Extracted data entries
--- START ---

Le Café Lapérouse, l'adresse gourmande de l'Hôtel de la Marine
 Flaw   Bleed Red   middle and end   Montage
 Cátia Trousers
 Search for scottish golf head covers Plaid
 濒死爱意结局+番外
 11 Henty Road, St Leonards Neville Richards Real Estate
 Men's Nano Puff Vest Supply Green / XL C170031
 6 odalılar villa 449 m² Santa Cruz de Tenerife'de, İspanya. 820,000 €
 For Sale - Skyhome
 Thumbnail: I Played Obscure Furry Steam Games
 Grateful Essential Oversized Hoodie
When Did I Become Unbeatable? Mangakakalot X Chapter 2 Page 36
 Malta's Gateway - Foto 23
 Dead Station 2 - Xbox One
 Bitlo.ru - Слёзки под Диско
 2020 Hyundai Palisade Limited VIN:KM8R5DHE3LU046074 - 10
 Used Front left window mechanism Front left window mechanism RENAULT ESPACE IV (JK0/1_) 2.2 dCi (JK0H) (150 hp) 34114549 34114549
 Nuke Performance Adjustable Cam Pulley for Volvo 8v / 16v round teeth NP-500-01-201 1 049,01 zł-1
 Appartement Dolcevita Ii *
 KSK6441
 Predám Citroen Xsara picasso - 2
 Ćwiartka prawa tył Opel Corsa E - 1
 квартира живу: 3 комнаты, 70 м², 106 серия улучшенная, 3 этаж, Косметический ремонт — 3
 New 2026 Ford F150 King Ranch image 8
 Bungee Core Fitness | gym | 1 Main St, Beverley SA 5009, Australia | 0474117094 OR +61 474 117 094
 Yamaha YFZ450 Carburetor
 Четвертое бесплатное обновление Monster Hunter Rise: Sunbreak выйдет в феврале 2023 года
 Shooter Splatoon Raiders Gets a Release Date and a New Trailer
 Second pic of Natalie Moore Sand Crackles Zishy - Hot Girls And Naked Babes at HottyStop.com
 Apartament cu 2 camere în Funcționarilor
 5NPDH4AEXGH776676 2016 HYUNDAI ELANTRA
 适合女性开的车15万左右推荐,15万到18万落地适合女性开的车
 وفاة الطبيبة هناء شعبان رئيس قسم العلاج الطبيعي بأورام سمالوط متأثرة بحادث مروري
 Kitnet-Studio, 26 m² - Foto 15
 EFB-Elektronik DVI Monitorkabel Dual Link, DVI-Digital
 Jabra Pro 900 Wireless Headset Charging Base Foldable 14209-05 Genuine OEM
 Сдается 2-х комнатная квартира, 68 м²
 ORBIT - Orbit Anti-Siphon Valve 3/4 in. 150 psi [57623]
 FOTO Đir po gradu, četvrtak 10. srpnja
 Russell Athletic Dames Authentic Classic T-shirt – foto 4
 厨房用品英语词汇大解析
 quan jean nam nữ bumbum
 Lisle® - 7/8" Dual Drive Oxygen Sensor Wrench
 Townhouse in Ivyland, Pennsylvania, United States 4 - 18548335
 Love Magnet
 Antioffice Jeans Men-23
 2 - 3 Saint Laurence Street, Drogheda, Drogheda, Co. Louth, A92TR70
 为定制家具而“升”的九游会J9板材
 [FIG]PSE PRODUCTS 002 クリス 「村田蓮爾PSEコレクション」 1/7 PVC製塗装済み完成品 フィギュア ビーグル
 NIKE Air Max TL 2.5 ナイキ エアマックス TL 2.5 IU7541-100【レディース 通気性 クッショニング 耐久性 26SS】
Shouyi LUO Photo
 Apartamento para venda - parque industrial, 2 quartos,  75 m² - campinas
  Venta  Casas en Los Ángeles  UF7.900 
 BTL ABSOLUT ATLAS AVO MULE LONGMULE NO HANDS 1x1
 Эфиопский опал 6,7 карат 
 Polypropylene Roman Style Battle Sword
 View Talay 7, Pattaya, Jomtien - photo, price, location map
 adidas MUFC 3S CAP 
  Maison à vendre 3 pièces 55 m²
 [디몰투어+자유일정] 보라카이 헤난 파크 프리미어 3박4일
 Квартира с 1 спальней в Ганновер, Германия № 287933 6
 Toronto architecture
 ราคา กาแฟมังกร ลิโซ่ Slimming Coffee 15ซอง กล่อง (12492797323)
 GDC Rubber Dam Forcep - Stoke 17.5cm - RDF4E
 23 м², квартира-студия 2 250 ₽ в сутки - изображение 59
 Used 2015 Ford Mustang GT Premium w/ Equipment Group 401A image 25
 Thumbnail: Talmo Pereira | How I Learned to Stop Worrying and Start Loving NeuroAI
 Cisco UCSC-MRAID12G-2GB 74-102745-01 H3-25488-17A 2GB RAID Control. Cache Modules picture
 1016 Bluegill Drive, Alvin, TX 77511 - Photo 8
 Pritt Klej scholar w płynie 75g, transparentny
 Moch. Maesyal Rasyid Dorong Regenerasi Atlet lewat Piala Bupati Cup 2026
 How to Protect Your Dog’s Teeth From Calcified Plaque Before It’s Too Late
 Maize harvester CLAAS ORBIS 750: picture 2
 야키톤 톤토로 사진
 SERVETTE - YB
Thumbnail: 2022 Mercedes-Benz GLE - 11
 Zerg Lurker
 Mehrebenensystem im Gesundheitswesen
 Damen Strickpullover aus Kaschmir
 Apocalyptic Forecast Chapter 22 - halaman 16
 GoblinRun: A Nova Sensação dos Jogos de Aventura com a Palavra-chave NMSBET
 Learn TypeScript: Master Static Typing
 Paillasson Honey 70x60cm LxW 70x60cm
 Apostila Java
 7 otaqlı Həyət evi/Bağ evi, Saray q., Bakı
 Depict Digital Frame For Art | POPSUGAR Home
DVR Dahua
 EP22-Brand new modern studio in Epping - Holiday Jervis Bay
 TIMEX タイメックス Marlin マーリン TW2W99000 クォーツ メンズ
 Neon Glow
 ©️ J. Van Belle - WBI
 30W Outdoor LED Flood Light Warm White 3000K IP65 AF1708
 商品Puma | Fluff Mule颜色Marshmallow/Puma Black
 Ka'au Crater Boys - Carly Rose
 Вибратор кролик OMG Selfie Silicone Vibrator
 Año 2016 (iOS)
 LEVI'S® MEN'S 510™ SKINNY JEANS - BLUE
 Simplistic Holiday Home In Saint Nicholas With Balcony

--- END ---

• What you will do:
The task here is to output the line with "30W Outdoor LED" and all lines after it to the end of the records above, exactly and only those.

• Output:
 30W Outdoor LED Flood Light Warm White 3000K IP65 AF1708
 商品Puma | Fluff Mule颜色Marshmallow/Puma Black
 Ka'au Crater Boys - Carly Rose
 Вибратор кролик OMG Selfie Silicone Vibrator
 Año 2016 (iOS)
 LEVI'S® MEN'S 510™ SKINNY JEANS - BLUE
 Simplistic Holiday Home In Saint Nicholas With Balcony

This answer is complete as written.